Macy’s Inc Returning Value to Investors

“With a profitable retail business, a huge real estate portfolio, and handsome dividends, it is a company that income investors should not ignore.”

That’s what I told Income Investors readers about Macy’s Inc (NYSE:M) last summer.

I hope you followed my advice. Since that article was published, Macy’s stock price has climbed 25%. And that does not include the company’s generous dividend payments along the way.

Now, Macy’s will be reporting its earnings again soon. The company is scheduled to report its first-quarter fiscal 2018 earnings on May 16 before the bell.

Let’s take a look at what the latest M stock news could mean for dividend investors.

In today’s market, beating Wall Street’s earnings expectations can help boost a company’s investor appeal. And this time, Wall Street has some high expectations for the Cincinnati, Ohio-based department store giant.

For the first quarter of Macy’s fiscal-year 2018, analysts expect the company to earn a net income of $0.35 per share. This would represent a 45.8% increase from the $0.24 per share earned in the year-ago period. (Source: “Macy’s, Inc. (M),” Yahoo! Finance, last accessed May 10, 2018.)

The top-line number is expected to grow as well. On average, Wall Street projects Macy’s revenue to come in at $5.39 billion for the first quarter, a one-percent improvement from the first quarter of its fiscal 2017.

Over the past 12 months, Macy’s Inc has beaten analysts’ earnings per share (EPS) estimates in three of the four quarters.

First-Quarter 2018 M Stock Statistics

Estimated Earnings Per Share

$0.35

Change From Year-Ago Earnings Per Share

45.8%

Estimated Revenue

$5.39 Billion

Change From Year-Ago Revenue

1.0%

Earnings Beat in the Past 4 Quarters

3 Times

(Source: Ibid.)

Will Macy’s Stock Increase Its Dividend?

If you’ve been following the markets, you would know that the retail industry hasn’t been in the best of shape lately. As consumers have embraced online shopping, quite a few brick-and-mortar retailers have experienced slowing sales.

Macy’s Inc’s total sales in its fiscal-year 2017 came in at $24.8 billion, which was down 3.7% from fiscal-year 2016. Comparable sales, a critical measure of a retailer’s performance, declined 2.2% in 2017. (Source: “Macy’s, Inc. Reports Fourth Quarter and FY 2017 Earnings and Provides 2018 Guidance,” Macy’s Inc, February 27, 2018.)

However, the company’s dividends remained solid. In fiscal-year 2017, Macy’s generated adjusted earnings of $3.77 per diluted share. Considering that the company declared total dividends of $1.51 per share for the year, it had a payout ratio of just over 40%.
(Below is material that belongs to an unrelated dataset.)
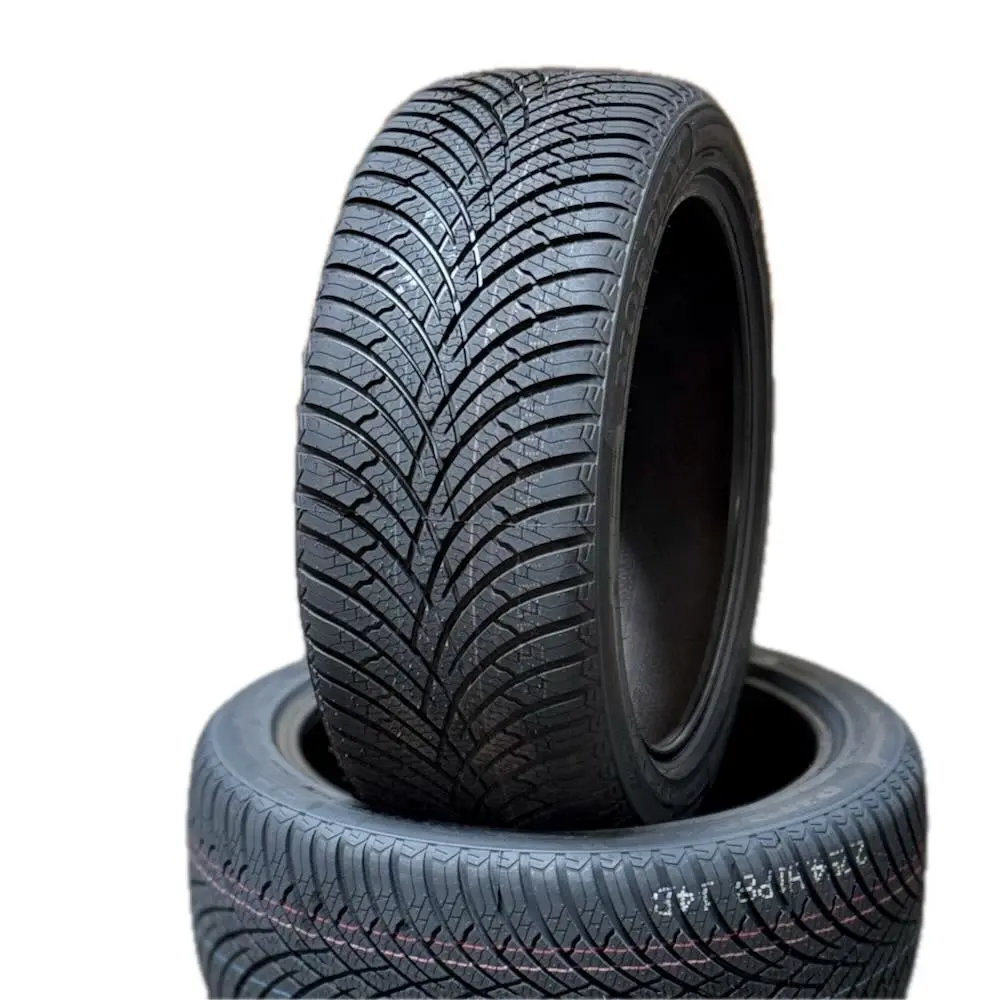 225/45Zr17 All-Weather Tires In Vancouver | 3Pmsf Snowflake | M+S | Nordexx Na6000 | Affordable, Ev Ready 1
Despite M stock’s conservative payout ratio, investors have been concerned about its dividend safety. The reason is that, if business continues to decline, there could be a payout cut at some point down the road.

However, if the company delivers on Wall Street’s anticipated earnings growth, it would have a good chance of covering its payout in full-year fiscal 2018.  Based on its current financials, the company will likely maintain its current quarterly dividend rate.

Trading at around $29.40 apiece, M stock has an annual dividend yield of 5.1%.